Stull’s perspective is that the debate over triggers has grown out of unanswered questions about the literary cannon — what should be included and what not — as well as the trend among colleges to assume the role of “service organizations.” This is especially true among the most expensive schools where, as he puts it, “sometimes seems as if students are buying a resort package rather than an education.”

And so it’s in this brackish water that institutions are becoming sensitive to the issue of entitlement. As for triggers, Stull says, “The road to hell is paved with good intentions. I think allowing people to feel safe and comfortable in a classroom environment — and encouraging students to express themselves and be who they are — is a great one, but I don’t think we should confuse that with the role of education, which is also to equip people to deal with the significant challenges we all face as we pass through life.”

He points out that class discussion may reveal passionate points of view, which in turn need analysis and refinement. And during that process students can learn there may be more than just two sides of an issue, that everything is not a simple dialectic, and also that people with other points of view are not necessarily good or bad.

“Trigger warning proponents,” says Stull, “suggest it’s better to have warnings than discussions that might be offensive, but my view is that those discussions are not a bad thing. What is a bad thing is to imply that it’s possible to comprehensively offer trigger warnings and yet teach a class of substance. … It’s simply not a reality.”

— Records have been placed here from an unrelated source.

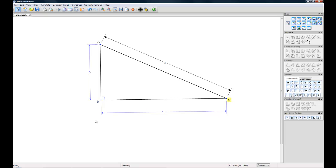This has been Math Illustrations Basics Tutorial 2 and I'm Audrey. I'd like to thank you for watching. If you have any comments or questions, feel free to post them below. If you're interested in this software, you can get more information by visiting the website at www.mathillustrations.com or by clicking the link below. Thanks for watching.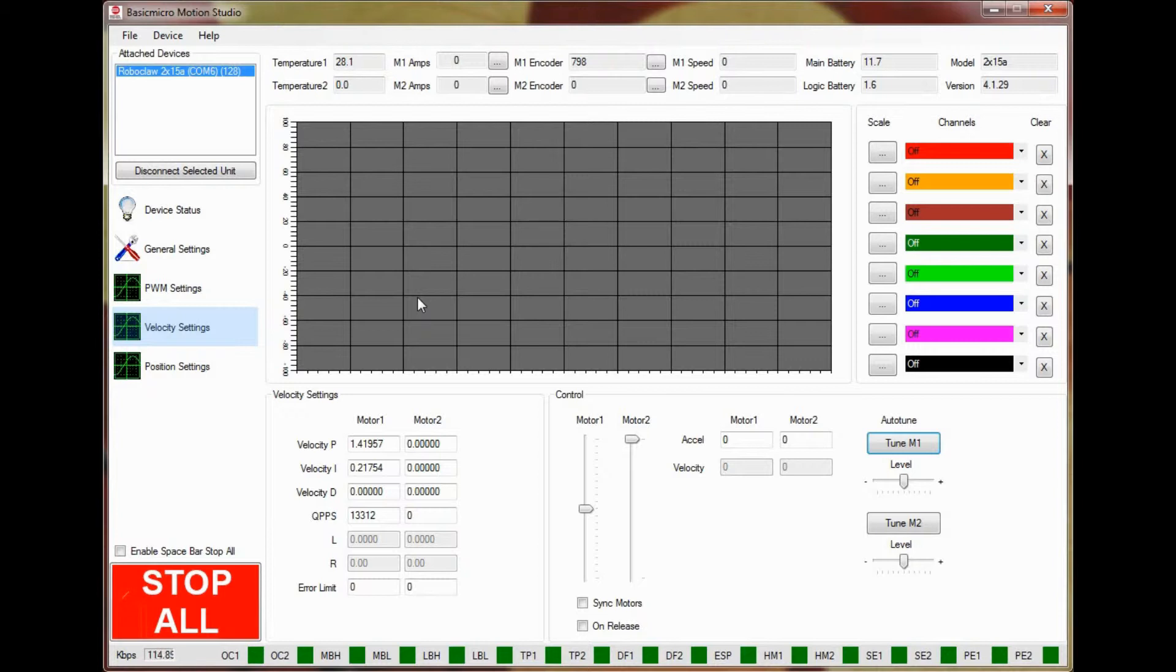Repeat this process if you need to tune a second motor channel. This completes all the steps needed for auto-tuning a motor and encoder for velocity control.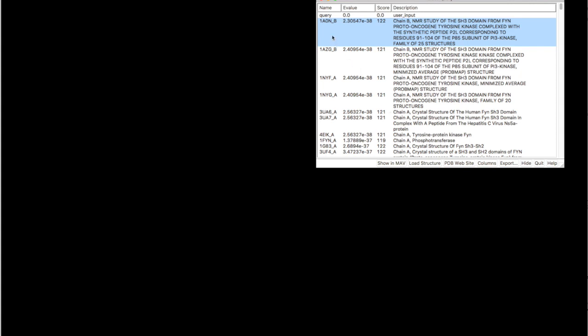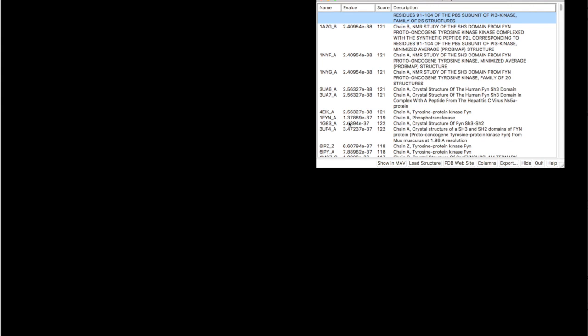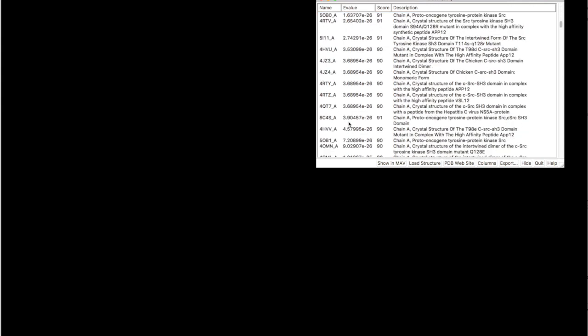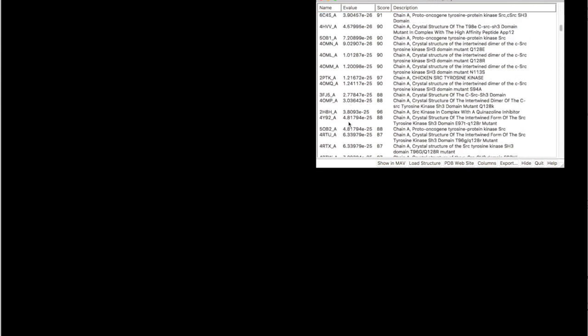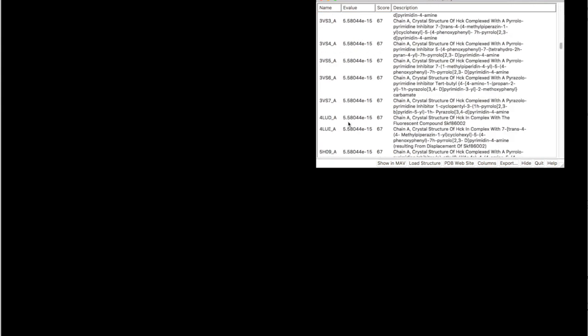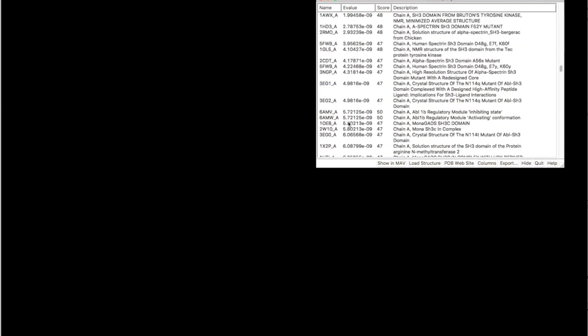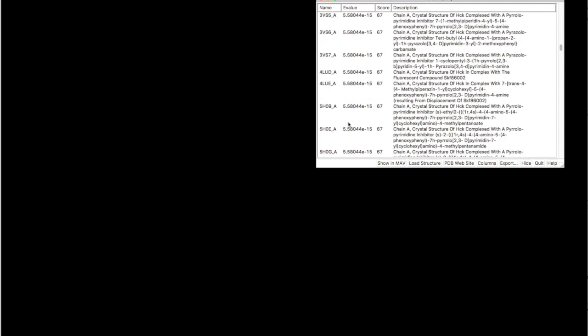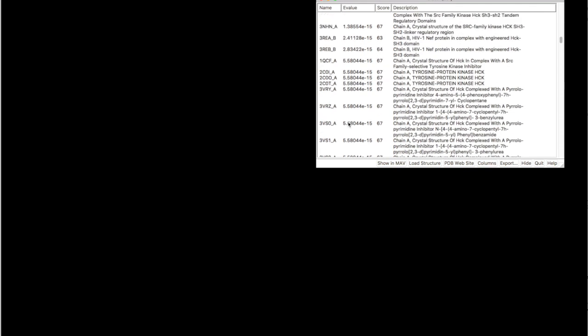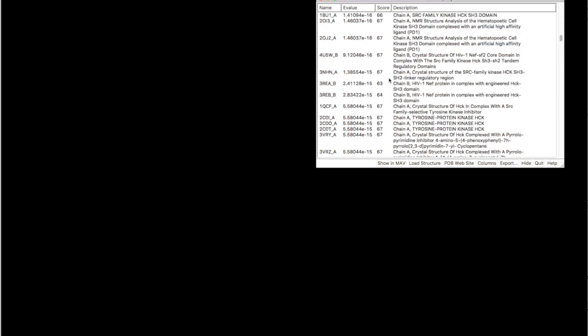You can select either one template or many templates here. I will select a template that is not that similar.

Stull’s other, more pressing concern is that triggers and the notion of being entitled to a ‘positive experience’ are part of the broader issue of knowledge inequality, which runs parallel to income inequality. As administrative costs increase, including benefits, and public money for higher education decreases — along with pressure to offer ever-finer dorms, cafeterias, laboratories, and playing fields — a true quality education is less accessible, particularly as more and more schools look to find new ways to meet expectations, often at the expense of quality education. Online courses are one example, despite low completion rates and long-established evidence that the alchemy of teacher and student is a key to academic success.

As “more and more people don’t have access to quality higher education,” concludes Stull, “the tougher it’s going to be in this country to even have this debate. … The question is, as costs rise and the expectation of entitlement rises simultaneously, how does the college manage expectation relative to what they know they can deliver? That’s the question that has yet to come into focus.”